The film begins with Shelby riding on the road with her horse, as she passes flaming ruins she is approached by some Union troops who demand she meet with their superior officer, Major Barker. Shelby attempts to flee, but is cornered by more northern soldiers and she complies to meet with Major Barker.

At the Union headquarters, rogue Native American Chief Whitecloud offers information of Jean's brother Bob Shelby. Barker pays Whitecloud $10 to reveal Bob's location in Fontana and tells his men to hang Whitecloud, should the information turn out to be false. When a subordinate of Barker's ask why they should trust Whitecloud, Barker reveals that Whitecloud has a goal of destroying the Shelby family. Sometime ago, Whitecloud tried to kidnap Jean's mother, he was caught and the Cherokee kicked him out. Whitecloud has been a murderous renegade ever since, while still pursuing the Shelbys.

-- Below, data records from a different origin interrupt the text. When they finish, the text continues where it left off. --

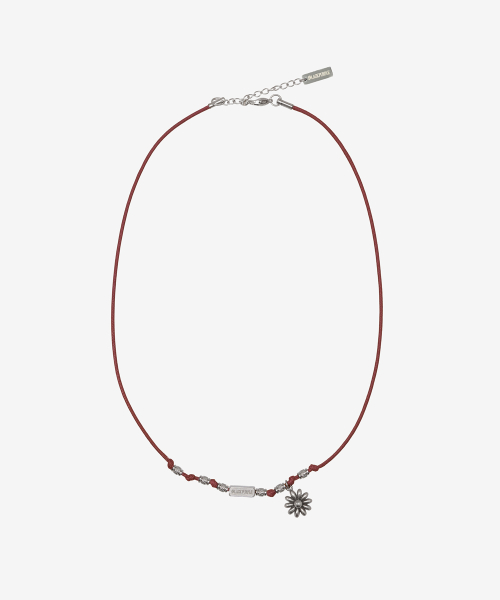Wildy Flower Necklace_Burgundy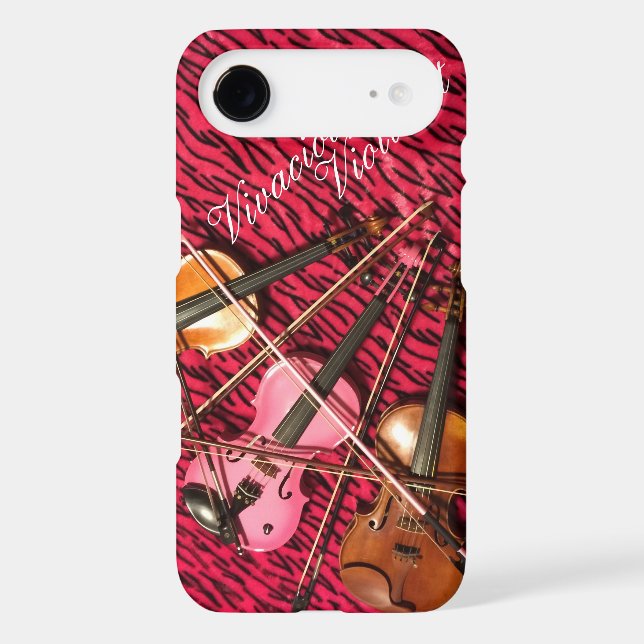 Vivacious Violinist Customizable Pink Violins Case-Mate iPhone Case (Back)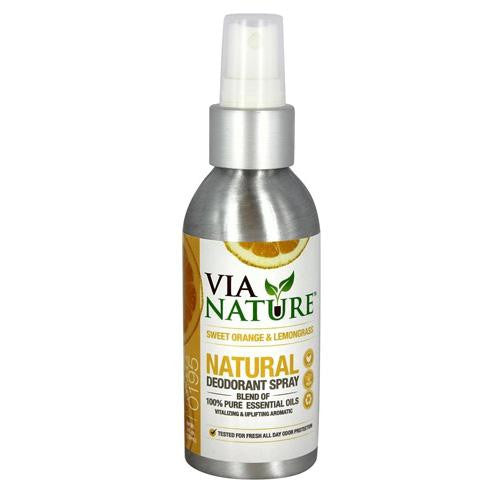 Via Nature Deodorant - Spray - Sweet Orange And Lemongrass - 4 Fl Oz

Later, Sergeant James brings Jean Shelby to Major Barker While Barker is distracted talking to Union Captain Raymond, Shelby pulls a gun on her guard. When Barker and Raymond come into the room to check on the commotion, she makes both men drop their guns. She then escapes out the window and flees on Raymond's horse, leaving Barker furious and Raymond in awe.

Jean rides to her parents' house to warn them of Whitecloud's impending arrival and to get her wounded brother Bob Shelby out of harm's way. Jean and Bob make it out minutes before Whitecloud and the Union soldiers arrive. Union soldiers search the Shelby home, but find nothing. Whitecloud sneaks off from the soldiers and finds Raymond's horse outback, Whitecloud sets out to find Jean and Bob alone.

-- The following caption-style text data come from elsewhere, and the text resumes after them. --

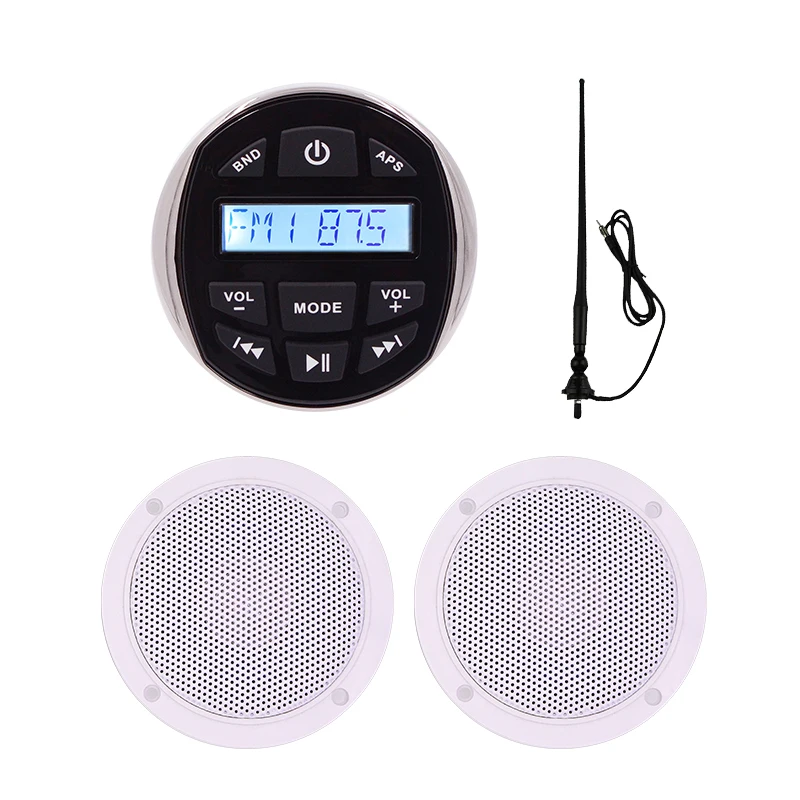 

Marine Audio Radio Bluetooth USB Mp3 Player FM AM ATV UTV Music Sound System 5.25"Waterproof Motorcycle Boat Speaker+ Antenna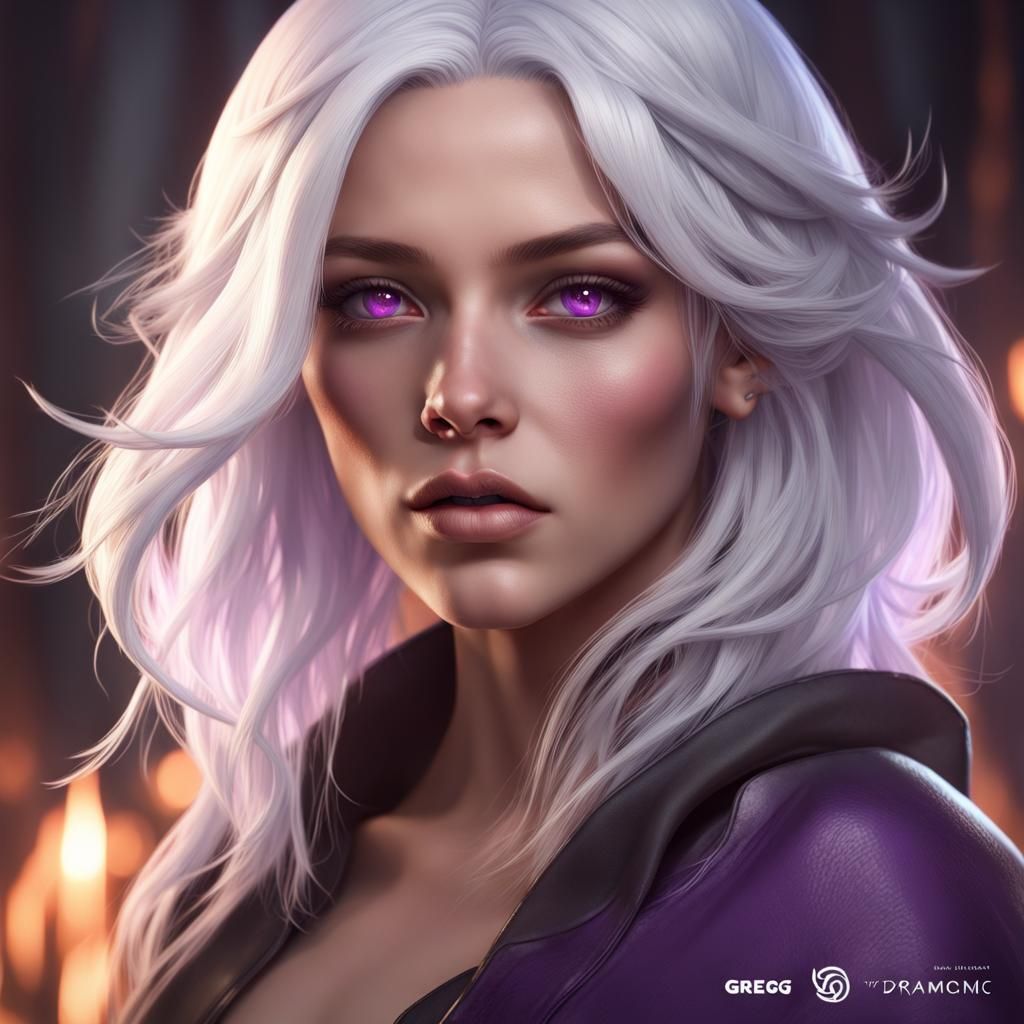 White Haired Demon Girl Portrait in 8K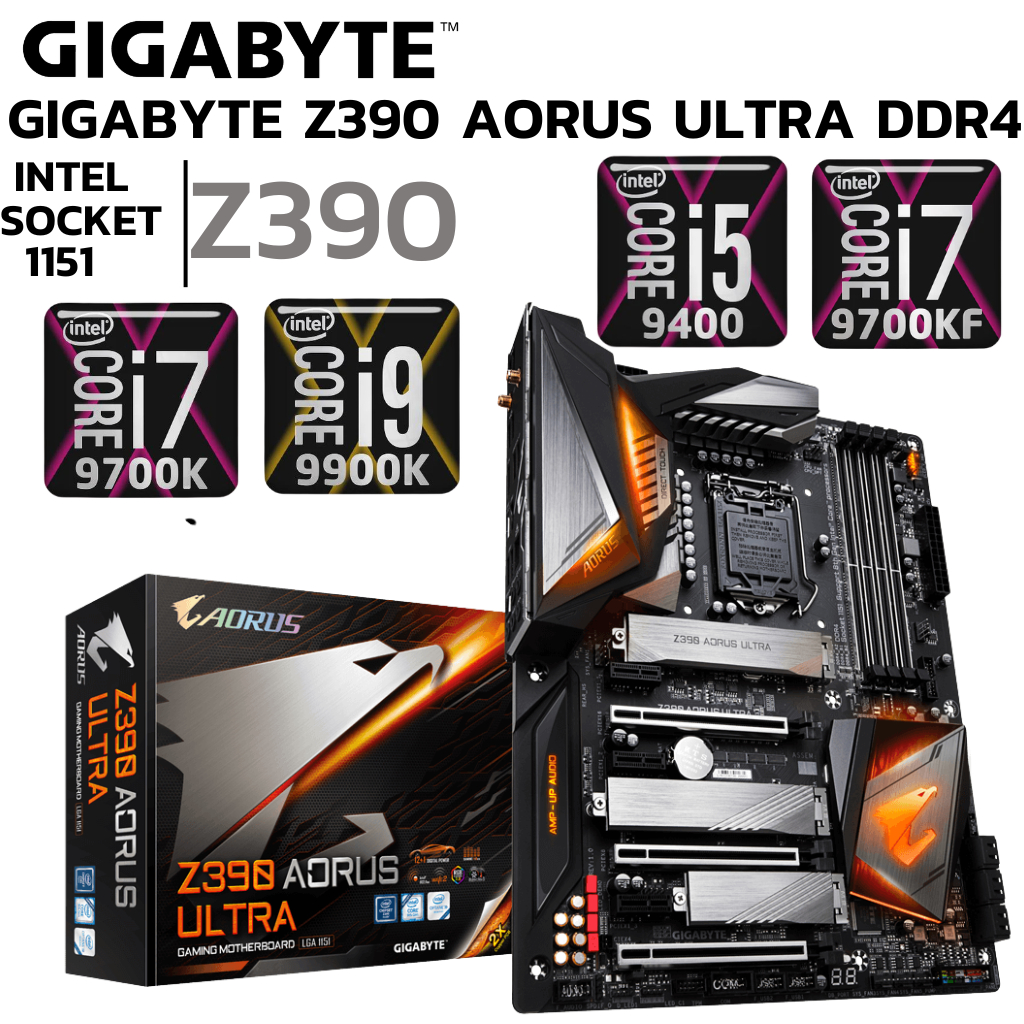 MAINBOARD (เมนบอร์ด) GIGABYTE Z390 AORUS ULTRA WIFI DDR4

While riding, Bob falls off his horse. Unable to continue riding, Bob tells Jean to go on without him, Jean leaves Bob under a tree and continues onward. Whitecloud finds Bob alone, meanwhile Jean soon encounters Raymond on the road. They have a civil conversation that is interrupted by the sound of Bob's gunfire, they go to investigate, only to find that Bob has been killed by Whitecloud.
Jean's ally, William Quantrail arrives on the scene and attempts to have Raymond hanged as way to pay for Bob's death, but Jean convinces him to turn Raymond over to Jean. Jean and Raymond then setoff to find Whitecloud together. After cutting the ropes around Raymond's hand, Jean tells him to go back so she can bring her brother's body home. Raymond convinces her to set up camp for the night and to let him stay. They begin to form a connection after Raymond reveals his first name and Shelby talks about the work she did during the war with her brother, and now that he is dead she doesn't feel the need to be an outlaw like she once was. When Raymond asks why she is telling him all this, she replies by kissing him.

That same night Whitecloud surrounded by other outlaws boasts about killing Bob Shelby and rallies the outlaws to ride into the night with him to find Jean and cause whatever chaos they can.

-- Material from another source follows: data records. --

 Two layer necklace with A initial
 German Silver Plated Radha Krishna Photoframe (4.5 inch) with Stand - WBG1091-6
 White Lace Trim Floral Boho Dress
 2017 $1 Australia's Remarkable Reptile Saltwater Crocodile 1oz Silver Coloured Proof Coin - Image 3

In the morning Jean and Raymond hear Whitecloud and his men causing a commotion. He and his men have killed Jeans parents and set their house on fire. When Jean arrives on the scene she is wounded by Whitecloud and saved by Raymond. While recovering in bed, the doctor tells Raymond that her chances of survival are slim. Raymond leaves and has the doctor promise him that he'll keep an eye on Jean until Raymond can returns. Almost a year passes and Jean is able to get out of bed and make a recovery while practicing her shooting. Jean swears she must avenge her family and kill Whitecloud.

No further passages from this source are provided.